I would start by obtaining an incident report of the incident in question. I don't know Indiana's laws but here in Pa. anyone who requests may receive a copy with pertinent patient information deleted. If whomever wrote the report is any good, there should be a short statement in there about "Member John Doe was requested by Captain Joe Doe to utilize his personal 4WD vehicle to assist in gaining access to the site, which was 1/2 a mile from any paved road surface. n the action of driving to the site, Mr. Doe's pickup sank in soft mud, requiring extrication after the incident. Damage resulted in using FD equipment to extricate him, see separate report attached to this report."

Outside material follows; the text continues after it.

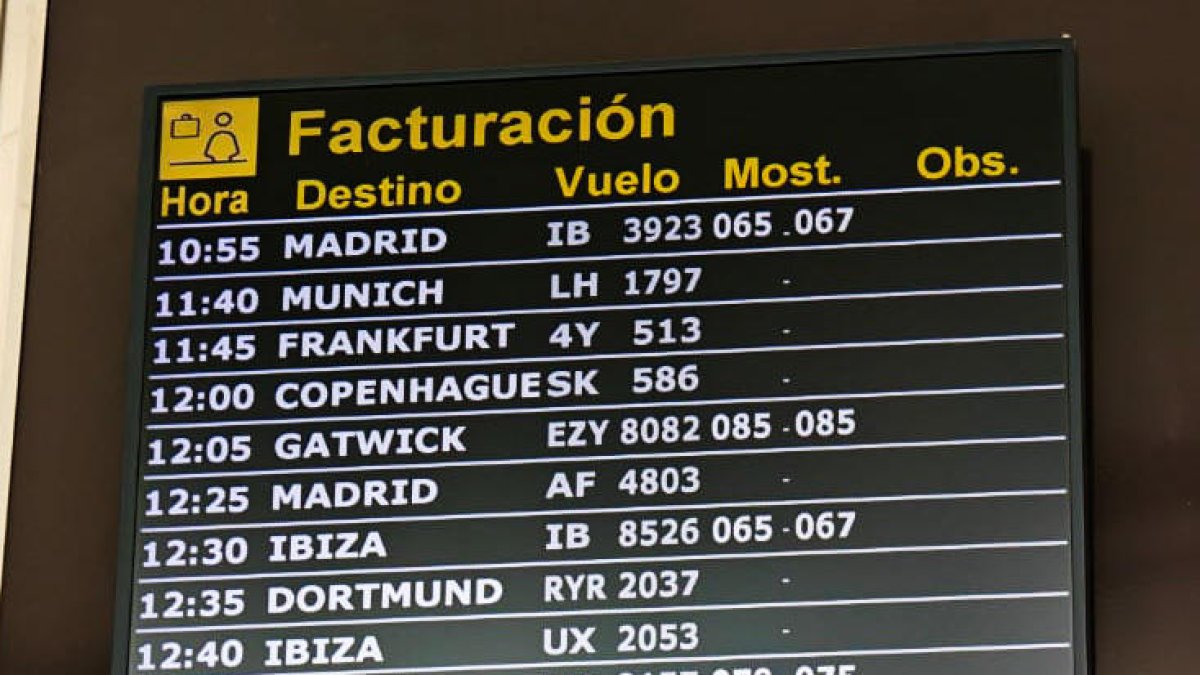 Informatiu dels vols a l'aeroport de Palma.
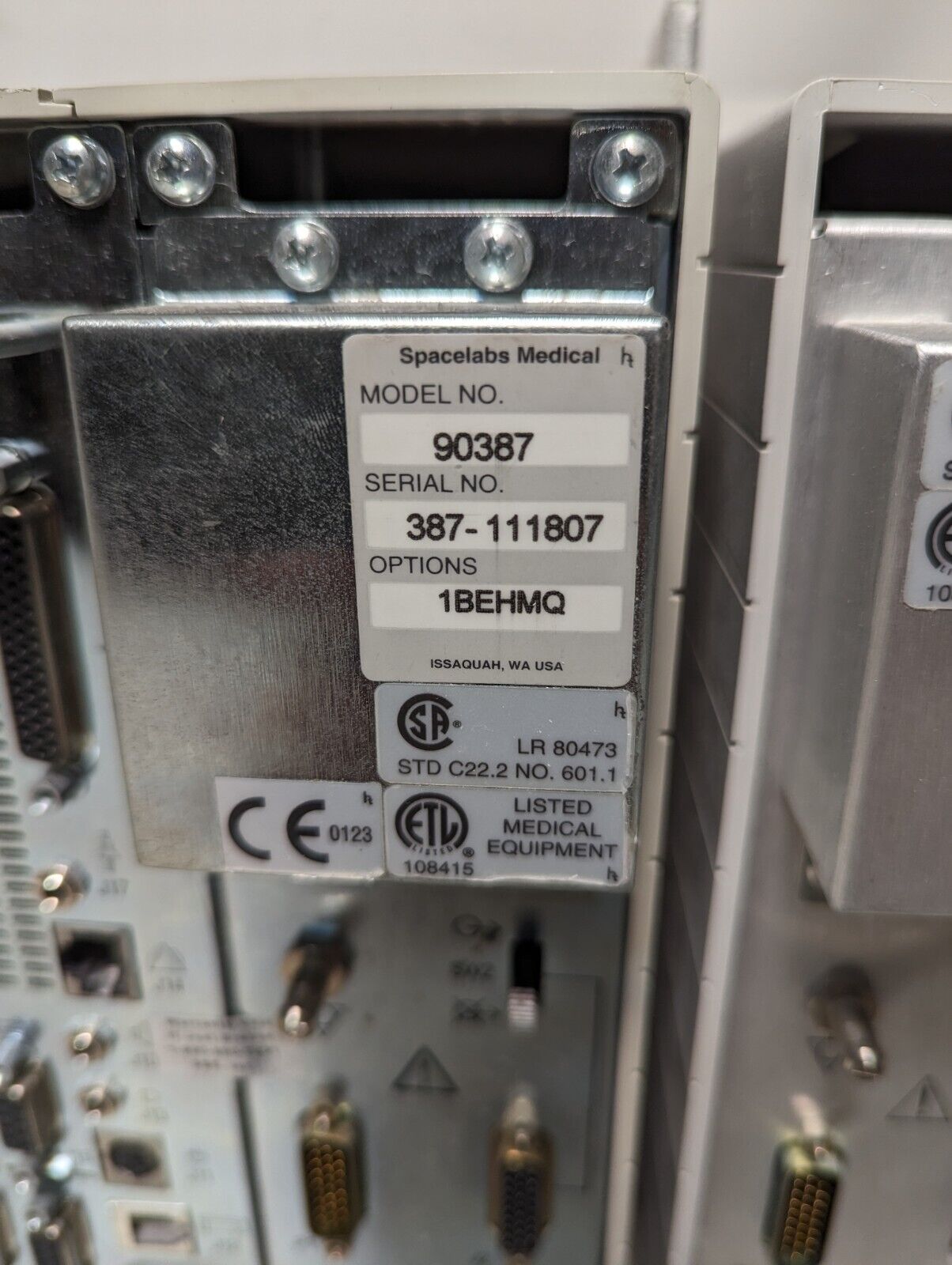 Spacelabs Medical Datex-Ohmeda 90387 with 90499 module rack for patient monitors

If the report does not have a statement such as this, get a statement in writing from whomever requested you to help. Using this written statement, send a registered letter (return receipt) to the Administrative Head (president of board of directors or whatever) of the Agency that was in command of this incident, and request relief in writing, giving them 30 days to act or reply. If you do not get any action, I would just eat the cost of the bumper, as it is probably cheaper than consulting an attorney."Loyalty Above all Else. Except Honor."
05-19-2009, 09:48 AM #5
- Join Date
- Dec 2001
- Lusby, MD
I don't know Indiana laws, but agree with FWDBuff. If you department is anything like ours, the likelyhood of that kind of detail in the report is very slim. Get a statement from the officer who requested that you use your truck and go from there.
My guess is that you will have to sumbit a claim with your insurance and then try to get the department to pay whatever insurance doesn't.
06-15-2009, 12:01 PM #6
- Join Date
- May 2008
- Spencer, IN
WOW! Sorry to hear about your problem. It sounds like you may have more issues than stated though. Not only is the department insurance a problem but yours may be as well. Many insurance companies would say you were using your vehicle as an emergency vehicle contrary to their policies. If that happens, not only will they not help you with a claim but you might find your rates will skyrocket or a cancellation could be in your future. Sad, but it's happened before.
The biggest issue I see is with the department itself! If you were requested to bring your vehicle and tools by an officer and they won't help with the repairs (having damaged the vehicle), I'd really be evaluating if I was with the right department or not. I KNOW mine would make things right, insurance or not. You can call the IVFA or other outside agency as has been suggested but you'll probably find things a little chilly around the firebarn afterwards. But like I say, it may not be much of a loss if they won't stand behind you.
Just my .02
Mike"The only thing necessary for the triumph of evil is for good men to do nothing." -- Edmund Burke
Keeping it together with prayer and the "Handyman's secret weapon" - duct tape!